In a letter dated 9 November 2009, the Tribunal invited the appellant to appear before it to give evidence and to present arguments relating to the issues in his case. That letter indicated that the hearing of the appellant’s application for review was scheduled to occur on 17 December 2009 and enclosed a form entitled “Response to Hearing Invitation” enabling the appellant to confirm the hearing and to make any requests or attach additional information for the Tribunal to consider. A completed Response to Hearing Invitation form was received from the appellant by the Tribunal on 25 November 2009. In that form, the appellant indicated that he required an interpreter who could interpret from the Hindi language into English and vice versa.

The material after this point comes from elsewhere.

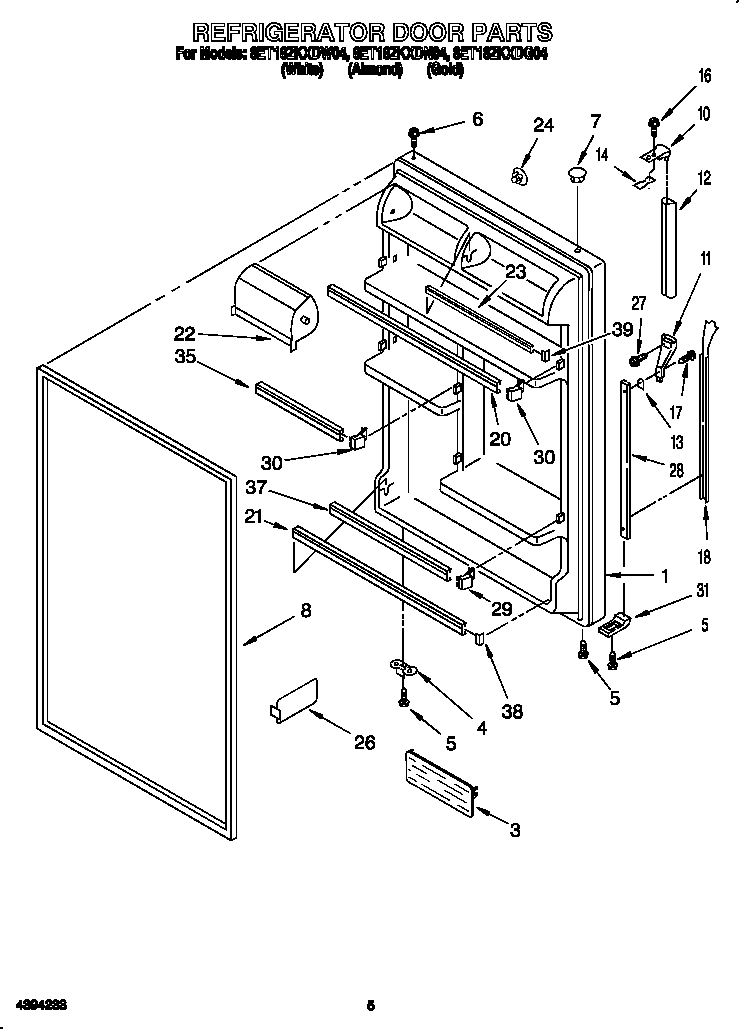 Refrigerator door
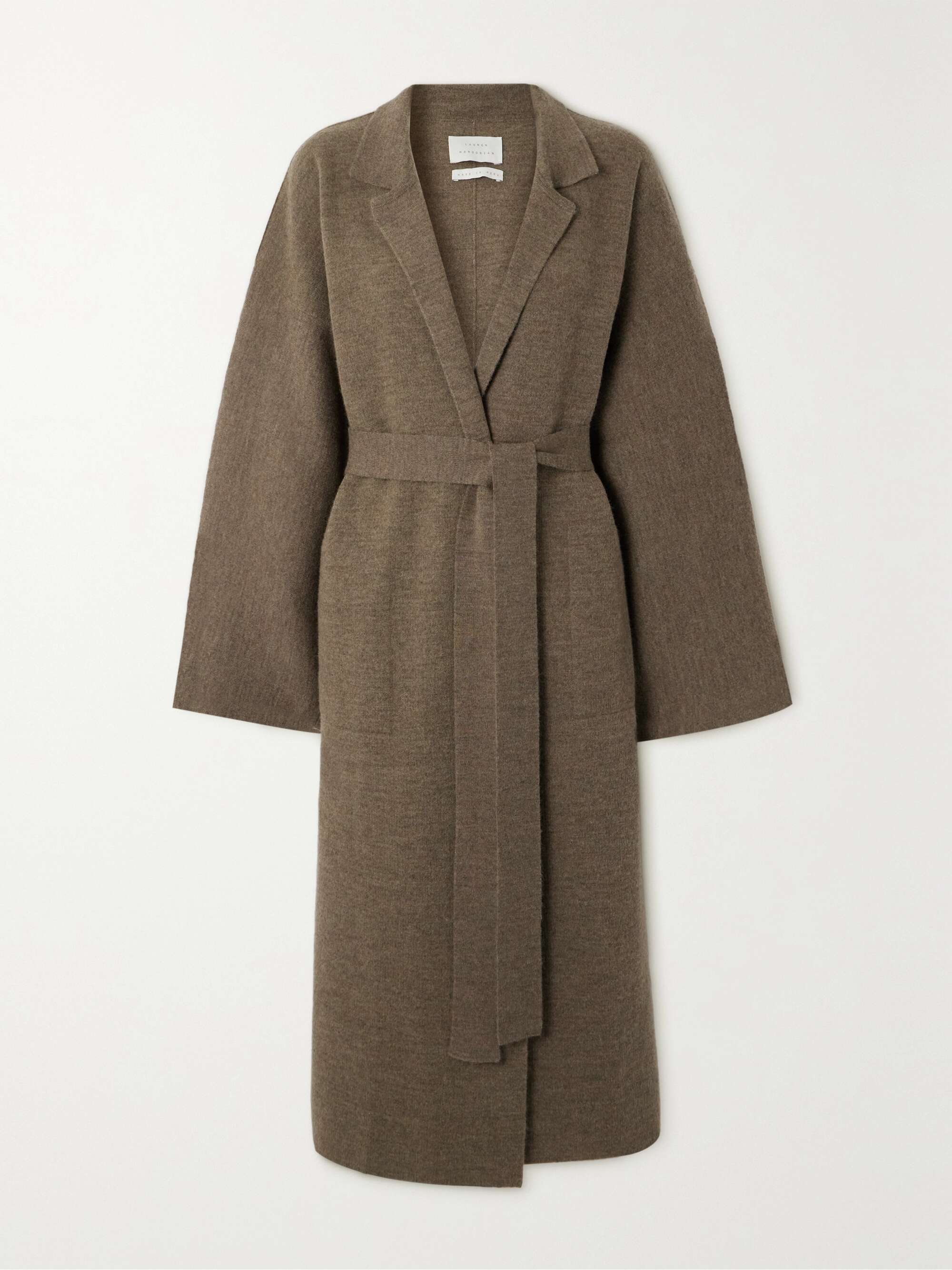 Cardigan aus einer Mischung aus Merinowolle Alpakawolle und Pima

The Tribunal heard the appellant’s application for review on 17 December 2009. The hearing was conducted with the aid of a Hindi interpreter.
On 25 January 2010, the Tribunal notified the appellant of its decision to affirm the delegate’s decision and to dismiss his application for review thereof.
In its Reasons, particularly at [21]–[60], the Tribunal considered the appellant’s claims in detail. It did so by reference to the interview which the delegate had conducted with the appellant on 1 October 2009, the appellant’s Protection visa application and accompanying Statutory Declaration, as well as the evidence given by the appellant at the hearing before the Tribunal on 17 December 2009.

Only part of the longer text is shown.